NFL Owners Vs. Michael Vick and Tom Brady: How The Playoffs Could Affect NFL CBA

Marcas GrantContributor IJanuary 5, 2011

Will there be a 2011 draft for Roger Goodell to preside over?
Will there be a 2011 draft for Roger Goodell to preside over?Jeff Zelevansky/Getty Images

The regular season is finished. 12 teams are getting ready for the chase for the Lombardi Trophy. Revolving doors are spinning coaches in and out and Stanford quarterback Andrew Luck is already being fitted for a Carolina Panthers jersey.

So what's the biggest story in the National Football League this week? Labor negotiations, naturally.

At least that's what league's commissioner and owners are trying to promote. With the postseason set to open on Saturday both Roger Goodell and Panthers owner Jerry Richardson have in the last week taken to the media to decry the pace of negotiations, blaming the stalemate on the players union.

"There hasn’t been a sense of urgency from the union side," Goodell told Pro Football Talk. "This is something that needs to get done quickly. It needs urgency and it needs a very strong commitment to making progress and not just meeting but making progress."

Not to be outdone, Richardson was even more condescending with his assessment. "It's said to me when I meet with the union lawyers, they say, 'Mr. Richardson we want more money, more benefits and we want to work less,'" Richardson told reporters. "Then they say, 'Let's begin the negotiations.'"

Meanwhile the timing of the comments haven't gone unnoticed by the union. George Atallah, NFL Players Association Assistant Executive Director of External Affairs, tweeted his frustration on Wednesday.

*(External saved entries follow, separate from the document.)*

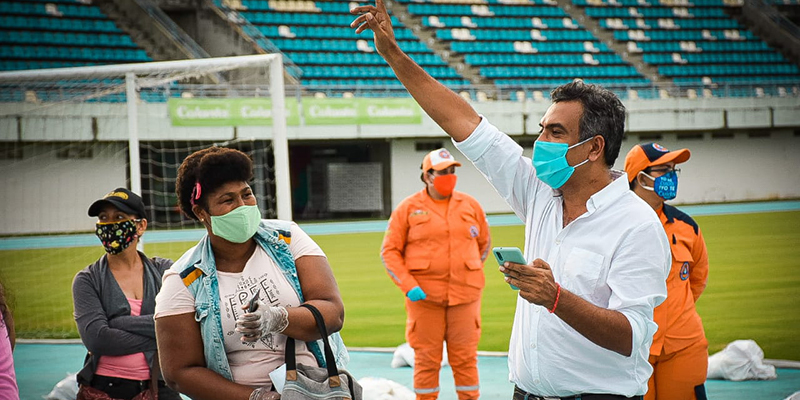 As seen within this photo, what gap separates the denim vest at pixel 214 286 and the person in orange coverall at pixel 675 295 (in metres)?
2.10

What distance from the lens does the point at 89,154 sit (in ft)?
77.3

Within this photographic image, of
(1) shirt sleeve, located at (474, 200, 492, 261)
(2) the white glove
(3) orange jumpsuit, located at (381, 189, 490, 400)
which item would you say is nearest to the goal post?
(3) orange jumpsuit, located at (381, 189, 490, 400)

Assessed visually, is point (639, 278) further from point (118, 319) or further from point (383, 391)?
point (383, 391)

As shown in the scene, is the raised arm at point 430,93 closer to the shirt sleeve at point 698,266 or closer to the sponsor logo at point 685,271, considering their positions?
the sponsor logo at point 685,271

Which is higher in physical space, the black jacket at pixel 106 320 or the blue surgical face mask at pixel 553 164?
the blue surgical face mask at pixel 553 164

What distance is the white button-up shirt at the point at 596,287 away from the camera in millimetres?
2480

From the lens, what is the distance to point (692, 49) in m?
41.9

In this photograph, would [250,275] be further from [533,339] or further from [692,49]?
[692,49]

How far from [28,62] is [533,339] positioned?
104ft

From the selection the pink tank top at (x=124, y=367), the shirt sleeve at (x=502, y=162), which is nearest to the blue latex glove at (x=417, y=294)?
the pink tank top at (x=124, y=367)

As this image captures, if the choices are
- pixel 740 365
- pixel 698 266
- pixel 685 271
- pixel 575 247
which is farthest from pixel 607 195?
pixel 740 365

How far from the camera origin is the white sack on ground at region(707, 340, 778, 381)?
7059mm

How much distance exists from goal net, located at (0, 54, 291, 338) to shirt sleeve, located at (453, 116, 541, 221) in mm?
5573

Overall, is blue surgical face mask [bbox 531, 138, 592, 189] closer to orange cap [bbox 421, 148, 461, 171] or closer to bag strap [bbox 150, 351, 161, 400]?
bag strap [bbox 150, 351, 161, 400] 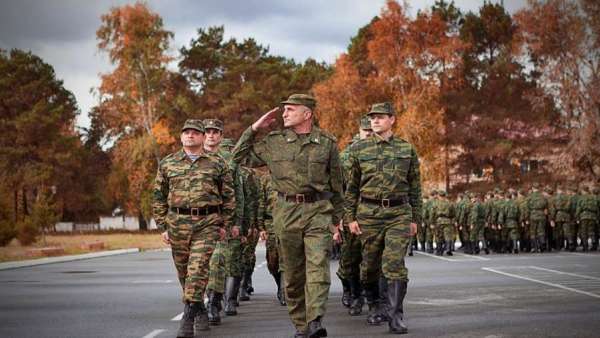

"Heading into the first week of the NFL playoffs and the NFL wants to talk CBA. Sad that NFL headlines dominated by this," he wrote.

Of course, most labor negotiations are marked by continued sniping—something that's become more immediate in the age of social media. But with the advantage of being able to control the means of distribution (e.g. TV partners, the NFL Network and team and league-run websites), the owners have a larger platform on which to position their message. 

While many players have taken to social media to present their concerns they have yet to find a broad medium in which to make a statement. Since the Minnesota Vikings and New Orleans Saints opened the season with every player holding up one finger in a show of solidarity, there haven't been as many widely reported union responses. Not that they haven't been made, they just seem to have a tougher time finding their way to the general public.

All of which could add another layer of intrigue to this year's playoffs. A recent post on Sports Media Watch reported that 65 of the top 100 sports broadcasts in 2010 were NFL games—including eight of the top 10—meaning the league dominated television sets during the year. That supremacy is only likely to get greater during the playoffs, giving the players the best chance they've had to state their case since opening weekend.

Here's a chance for the players to give the fans an idea of what they could be missing if there's no NFL football in 2011. Hence the reason the NFL is doing its best to state its case to the fans right now. After all, people are willing to pay good money to see Mike Vick and Tom Brady light up defenses, but very few would drop two nickels to watch Jerry Jones or Arthur Blank pace the sidelines.

In the end, the issues will be settled behind closed doors at the negotiating table. But the side that can draw the most public support generally wins the most concessions. Ownership has made its play. Time to watch the players respond.